My personal benchy: this one really tests a printer's capabilities
In the process of refining the design for my 3D printed glasses (yes, I'm still at it 🙂) and trying to streamline the lens ordering process a bit, because some folks have told me their optician, or their optician's lens supplier, didn't really want to mess with "unusual" things like this, I decided to draw and print a fake ophthalmic lens. You know, not optical-quality - or even see-through - but something that looks and feels like a lens, that can be mounted in my frames, to show an optician hands-on how it works and that it's not weird or delicate to work on.
I figured it would be a quick print in clear PLA, that would require only a bit of cleanup and mount right into the frames, complete with the bevel and the notch and everything. How wrong I was...
This part is almost impossible to print right:
It's modeled after a real bispherical lens with an offset optical axis. I mean it's optically incorrect, but it has everything a real lens would have: uneven edge thickness, one convex and one concave side.
You just can't set it flat on the bed in the slicer: none of it sits flat. The slicer has trouble generating support around the edge on the concave side that it interprets half of as overhang, and even if the beginning of the support doesn't get ripped off by the head and the print completes, the surfaces will be absolutely awful.
If you print it vertical - which frankly is the least bad option - then the bottom of the lens, under the support, will be a complete mess. The bevel won't even be visible. It takes quite some time to create supports that won't mess up the bottom of the lens too much
If you print it in clear PLA with only perimeters, it'll be transparent enough to see the spots were the perimeters are started at the next layer. And depending on your wall generation strategy, the spots where the printer tries to fill the voids will show up as round "halos" inside the lens.
The lens' thickness varies everywhere, so the slicer tries its best to fill each layer, but it's slightly different at every layer. At any rate, it reveals the slicer's idiosyncracies in tool path stragegy right away.
The bevel all around the lens is only 0.5mm high. If the printer is dialed in, the bevel will show as an actual 120-degree bevel near the front face of the lens, particular where the bevel is normal to the layer, about half-way up the lens if you print it vertically. If not, it will look like a barely-raised blob.
I've tried this print on 3 different printer and I just can't get a decent print. All I can do is play with the settings in the slicer until it comes out not too terrible.
So, that part is a bit frustrating for my original purpose, but it turns out to be a great part to test a printer and/or the slicer software! If you want to try it too, it's here:
Thanks for the offer! But actually I didn't model that part for me but for others who need a model of a finished lens.
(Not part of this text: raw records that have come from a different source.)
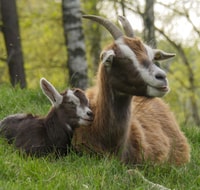 Climb the mountains together with goats - Housity
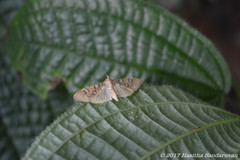 Cotachena
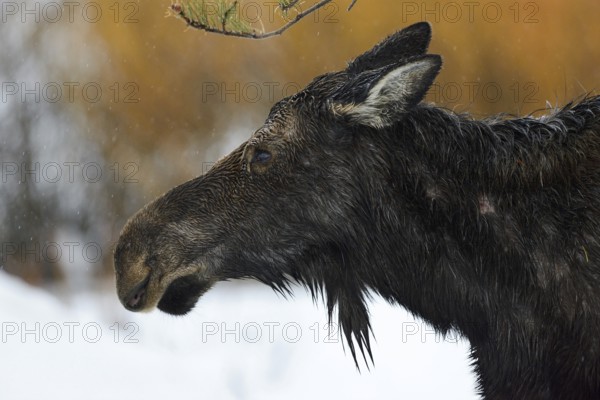 Moose (Alces alces), cow moose, head portrait of an adult female, on a rainy day in winter, soaked to the skin, in the rain, detailed close-up, portrait, cropping, wildlife, nature in Yellowstone NP, Grand Teton, Wyoming, USA, North America, United States of America, North America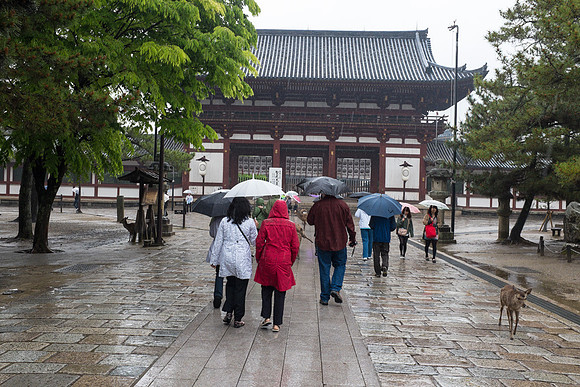 Day 9   Kyoto-0065 -DSCF1546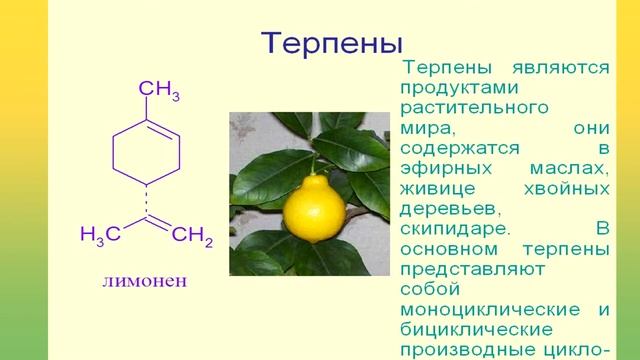 Живица: история, особенности, применение смотреть онлайн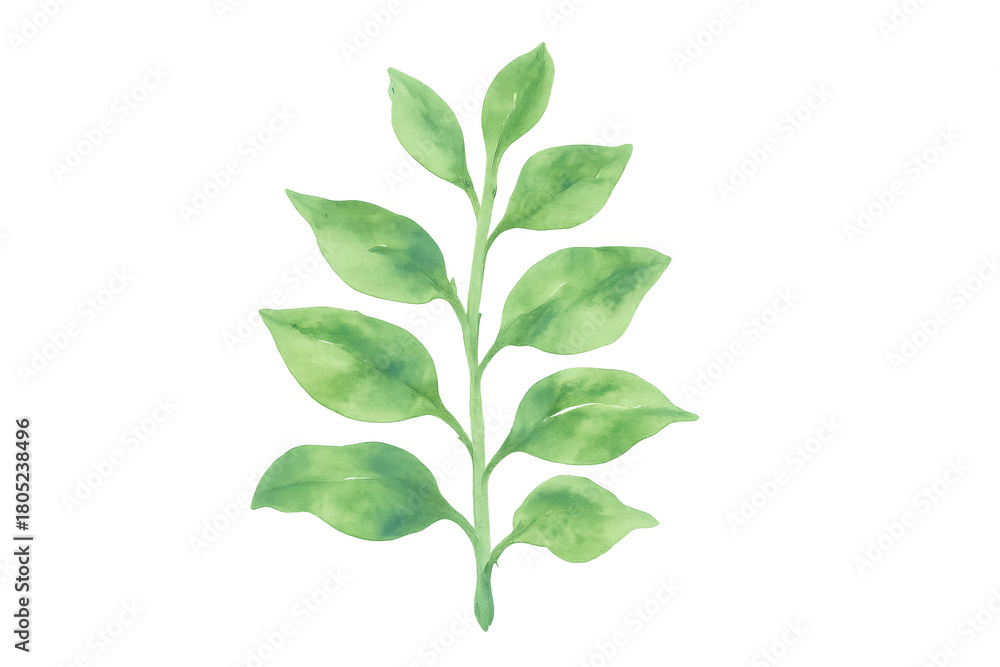 Fototapeta premium Watercolor botanical sprig creating natural greenery and organic decorative element on transparent background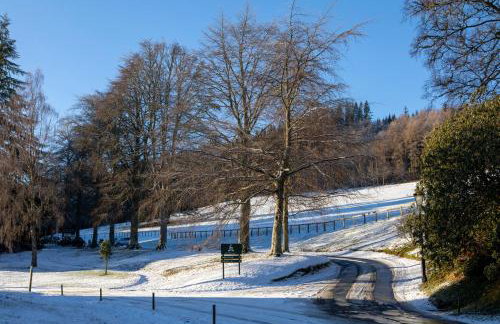 The Bothy at Bowhill - Foto 12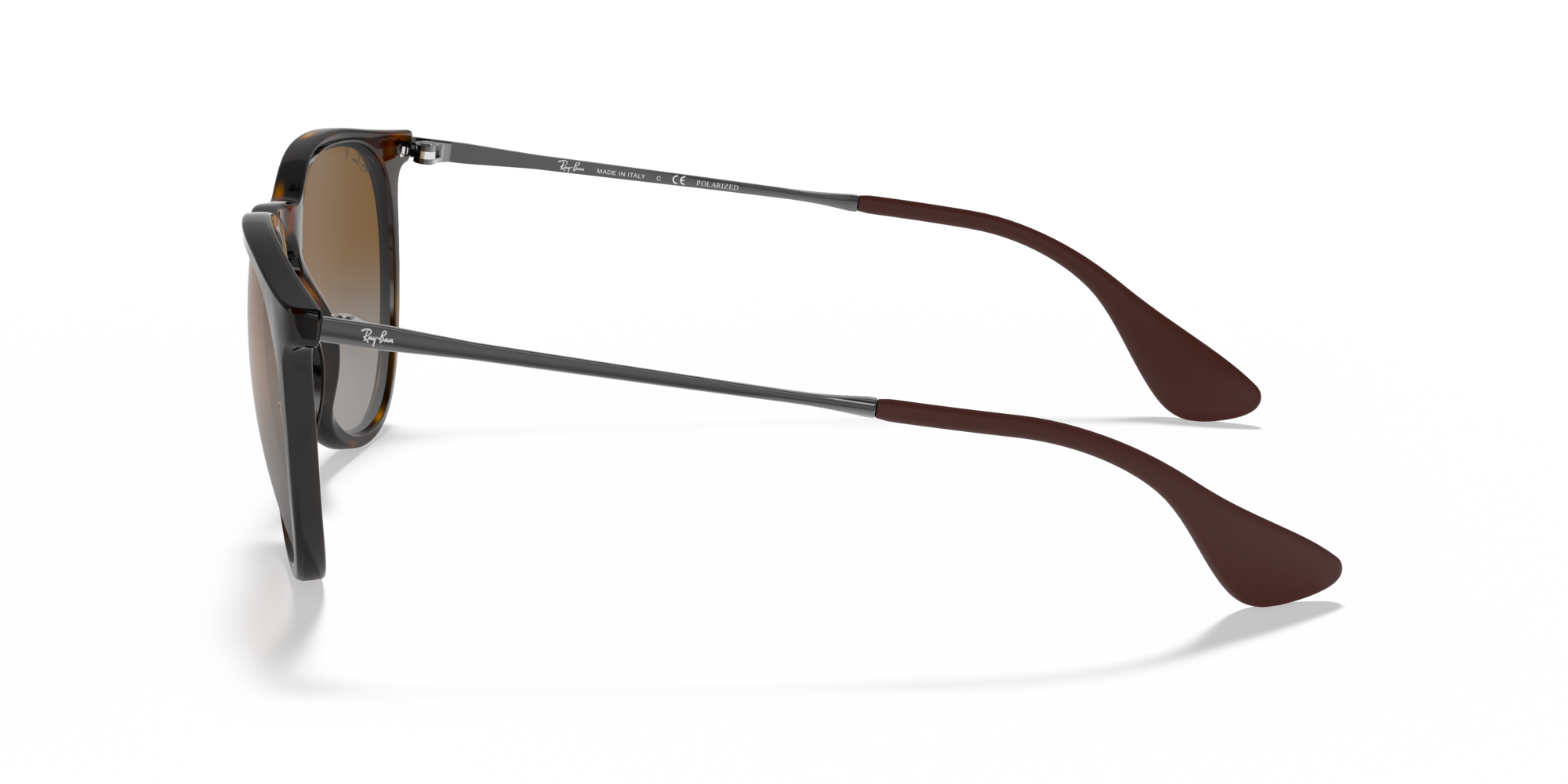 Ray-Ban Erika Classic Polorized Sunglasses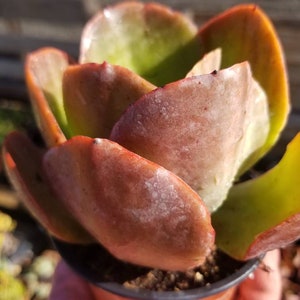 May include: A close-up of a succulent plant with fleshy, reddish-brown leaves. The plant is in a small brown pot and has a green center.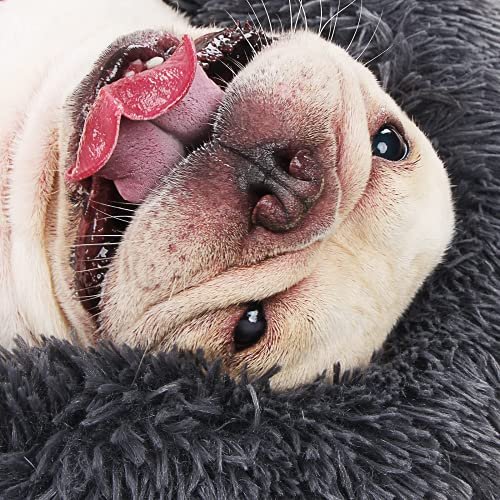 Cozy Anti-Anxiety Small Dog Bed - Fluffy, Washable, Waterproof, Non-Slip - Image 6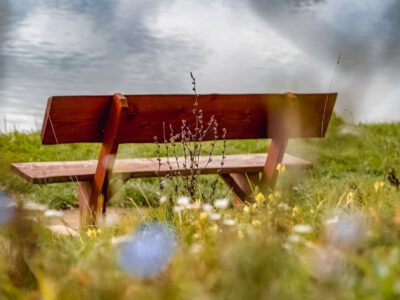 Színesre festette az ősz az Abért-tó környékét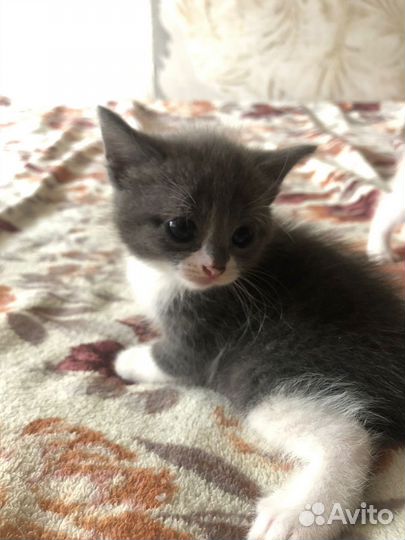 Кошка в дар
I already have real lenses myself.
The thing is, I shared the design of my glasses for others who might want to print themselves the same glasses too, and there seems to be enough interest that some folks printed them and went to their opticians with it, only to be turned away because the frames are unusual - or they didn't want to risk having lenses made using the lens template only to find out that the lenses are unusable in the final frames - and they didn't want to risk filing a notch in the lenses either, which is something that's not usually done to fit lenses to frames.
And I can understand the opticians too: if they agree to order lenses and they don't fit the frame, the loss is on them and they don't need the aggravation.
I wanted to provide a model of a lens that those folks could print out of PLA to convince the opticians that it's not sketchy or far-fetched. If this parts needs a resin machine - which, I agree with you, it absolutely looks like it does if you really want a quality part - then it sort of defeats the point of self-sufficiency of my little project.
Sounds like the eventual end. Will be learning how to take raw circler optical lenses. As the optical centres do. And build the tools for folks to shape them at home.
Such a project would be a huge advantage to many 3rd world environments. And would likely be about embedding quality glass cutting blades etc into 3d printed frames/mechanisms. Likely from PA. With the ability to embed metal rods and gears where stability, strength is needed.
You're welcome - glad to see you have it really sussed out. Finding something that works for you and knowing it won't just up and disappear off the market (as many fashion frames do) is excellent.
Can see the optician side as well - they have an established process and deviating from that is unwanted faff. However, they are perfectly capable of ordering a lens to a customer given spec. A short 'if this doesn't work then lol you suck' disclaimer is all it would take to make the sale.
Resin is well within reach of the casual hobbyist now - we're talking a couple hundred dollars to get an entry level machine, and a little extra coin for the materials/consumables. I have a (now old) Mars 3 that is ticking along beautifully.
Safety/PPE/ventilation is the main downside compared to FDM. It's a stinky job but you can't fault the results for presentable and functional parts. These things can print stuff like screw threads and other teensy features perfectly.
Offer always stands if you ever want something to demo and can't get anyone more local to help :)
The other point here is that if the lenses a user gets don't quite match the frame you could always just tweak and reprint the frame a bit to match the lenses. That's not really the end of the world, but I don't count on any opticians to understand that. The concept of a user being able to so easily self manufacture a set of frames is probably completely alien to them.
What about printing it in two halves the each have a flat bottom? Since the optical quality doesn’t matter, the line down the middle of the lens won’t matter.
In fact, an even better idea would be to split the lens in the plane that contains the crest of the bevel (which isn't at the center of the edge all around). That way, the widest point would be on the bed for both halves, totally eliminating any overhang.
I should try this on my XL. I have big dumb 0.6 nozzles right now so it'd look like garbo, but I could print it in PLA with PETG supports. Being able to have almost no space between the support and primary material would probably make many alternative orientations possible.
You could try leaning it over on a slant, like 60 degrees so it's not in aggressive overhang territory, and then design in a custom support that can be cut off after. Since it doesn't need to be optically anything the marks from the support cutaway don't matter.